## [The data]

-*-*-

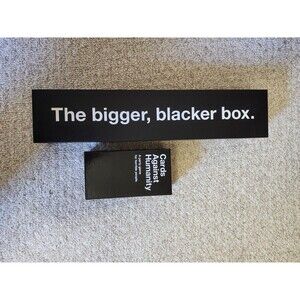 Cards Against Humanity + The Bigger Blacker Box with Cards & Expansion Packs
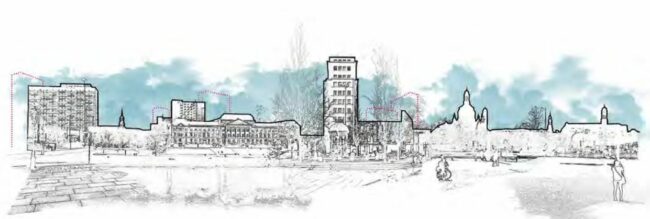 Ein Hochhausleitbild für Dresden. Zeichnung: Stadtverwaltung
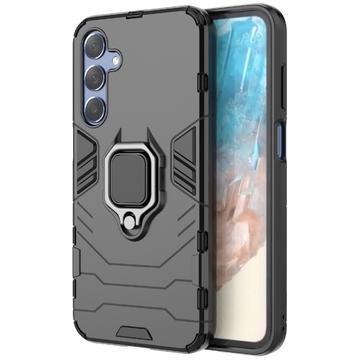 Bolsa Híbrida para Samsung Galaxy M35 com Anilha - Preto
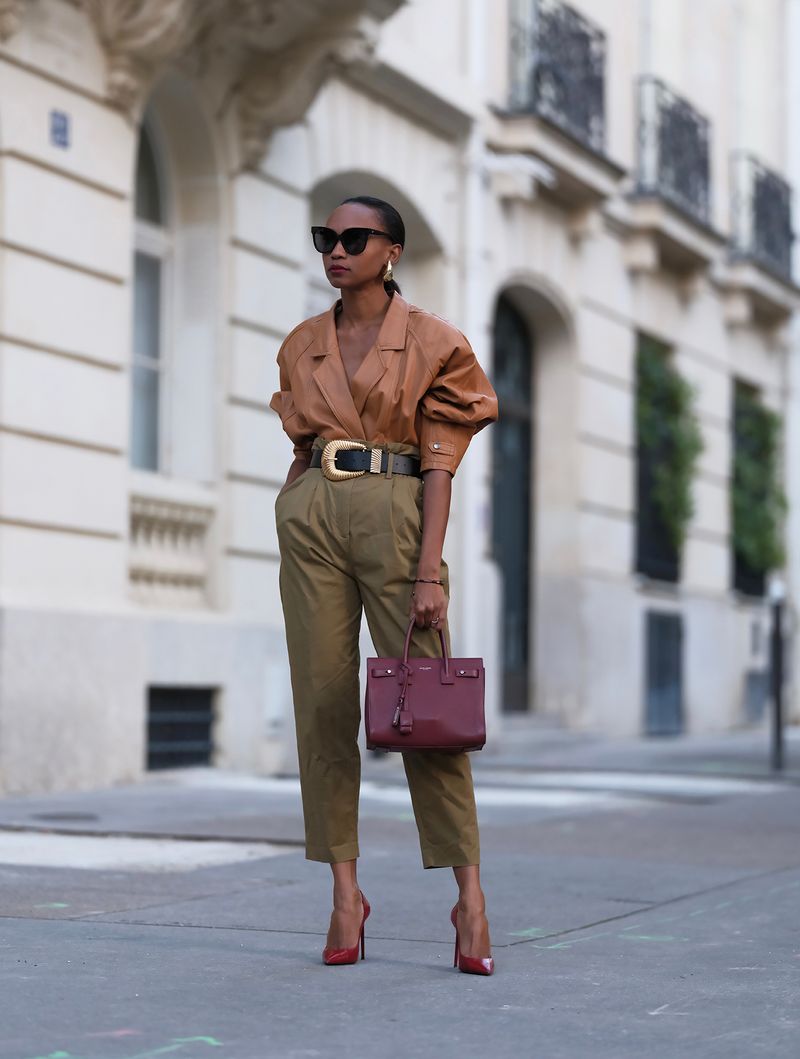 Tailored Cropped Trousers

-*-*-

## [Task details]
Output the line containing "Bolsa Híbrida para" and each line after it, through the end of the material, exactly as given. No pictures belong in the output.

## [Solution]
 Bolsa Híbrida para Samsung Galaxy M35 com Anilha - Preto
 Tailored Cropped Trousers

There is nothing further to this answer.